Feature engineering transforms raw records into columns the model can use. Labels define what you predict—must align with the product decision and be measurable without leakage from the future.
Feature examples
- Tabular: age, tenure_days, avg_order_value
- Text: token counts, embeddings from pretrained encoders
- Time: hour_of_day, days_since_last_login
- Categorical: one-hot or learned embeddings
Label design
For churn: label = canceled within 30 days after snapshot date. Bad label: includes events before snapshot that reveal the future (leakage).
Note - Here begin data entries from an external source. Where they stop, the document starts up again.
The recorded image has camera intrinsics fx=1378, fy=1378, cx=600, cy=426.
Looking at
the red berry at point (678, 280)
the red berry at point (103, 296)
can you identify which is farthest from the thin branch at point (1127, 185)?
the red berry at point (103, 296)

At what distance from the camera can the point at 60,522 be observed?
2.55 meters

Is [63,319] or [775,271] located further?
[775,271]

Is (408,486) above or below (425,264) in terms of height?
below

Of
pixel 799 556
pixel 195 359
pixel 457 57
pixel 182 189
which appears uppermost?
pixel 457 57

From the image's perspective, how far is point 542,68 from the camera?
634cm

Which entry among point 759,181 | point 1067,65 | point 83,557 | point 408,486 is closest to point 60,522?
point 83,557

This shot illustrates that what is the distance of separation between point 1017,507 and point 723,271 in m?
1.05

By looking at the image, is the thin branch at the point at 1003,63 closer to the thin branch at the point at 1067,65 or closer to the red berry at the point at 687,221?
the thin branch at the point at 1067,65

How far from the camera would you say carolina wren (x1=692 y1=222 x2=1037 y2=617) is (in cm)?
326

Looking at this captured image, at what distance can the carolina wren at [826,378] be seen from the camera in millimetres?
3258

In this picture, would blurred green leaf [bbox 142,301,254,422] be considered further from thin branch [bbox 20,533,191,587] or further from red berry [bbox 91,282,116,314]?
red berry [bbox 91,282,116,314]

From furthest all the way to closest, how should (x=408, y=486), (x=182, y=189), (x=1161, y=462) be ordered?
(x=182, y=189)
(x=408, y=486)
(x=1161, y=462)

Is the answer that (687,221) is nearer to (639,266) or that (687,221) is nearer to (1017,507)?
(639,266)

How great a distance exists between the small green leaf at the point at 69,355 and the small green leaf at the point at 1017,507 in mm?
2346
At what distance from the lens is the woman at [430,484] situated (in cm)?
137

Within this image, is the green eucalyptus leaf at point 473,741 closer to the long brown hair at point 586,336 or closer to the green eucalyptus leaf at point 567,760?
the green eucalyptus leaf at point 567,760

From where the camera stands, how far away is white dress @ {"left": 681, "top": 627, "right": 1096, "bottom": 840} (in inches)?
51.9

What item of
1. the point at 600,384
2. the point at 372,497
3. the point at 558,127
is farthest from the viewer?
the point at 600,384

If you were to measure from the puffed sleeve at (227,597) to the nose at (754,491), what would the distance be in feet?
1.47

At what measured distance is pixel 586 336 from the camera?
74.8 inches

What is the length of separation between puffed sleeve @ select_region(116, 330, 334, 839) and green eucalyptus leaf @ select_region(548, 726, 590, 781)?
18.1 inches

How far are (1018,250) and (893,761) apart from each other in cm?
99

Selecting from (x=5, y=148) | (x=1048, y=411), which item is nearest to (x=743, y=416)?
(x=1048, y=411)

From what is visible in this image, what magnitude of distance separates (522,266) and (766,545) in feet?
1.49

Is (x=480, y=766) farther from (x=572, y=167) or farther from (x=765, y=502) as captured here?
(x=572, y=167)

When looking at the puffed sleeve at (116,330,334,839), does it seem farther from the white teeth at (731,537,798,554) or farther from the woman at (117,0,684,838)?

Always ask: could this feature exist at prediction time?
Feature matrix preview
# Conceptual feature row
feature_row = {
"tenure_days": 120,
"orders_last_30d": 3,
"label_churn_30d": 0, # 0 = stayed, 1 = churned
}
print(feature_row.keys())Practice: Optional snippets use pandas-style pseudocode—run with Pandas locally if you want tactile practice.
Important interview questions and answers
- Q: Label leakage?
A: Feature or label uses information unavailable at inference time—inflates offline metrics. - Q: Embeddings as features?
A: Dense vectors capturing semantic similarity—common in search and Gen AI pipelines.
Self-check
- Define leakage in one sentence.
- Name two feature types for a subscription product.
Pitfall: Label leakage from the future—ask "available at prediction time?" for every feature.
Interview prep
- Label leakage?
- Labels or features use future information unavailable at inference time.
- Embeddings as features?
- Dense vectors capturing semantic similarity for search and NLP.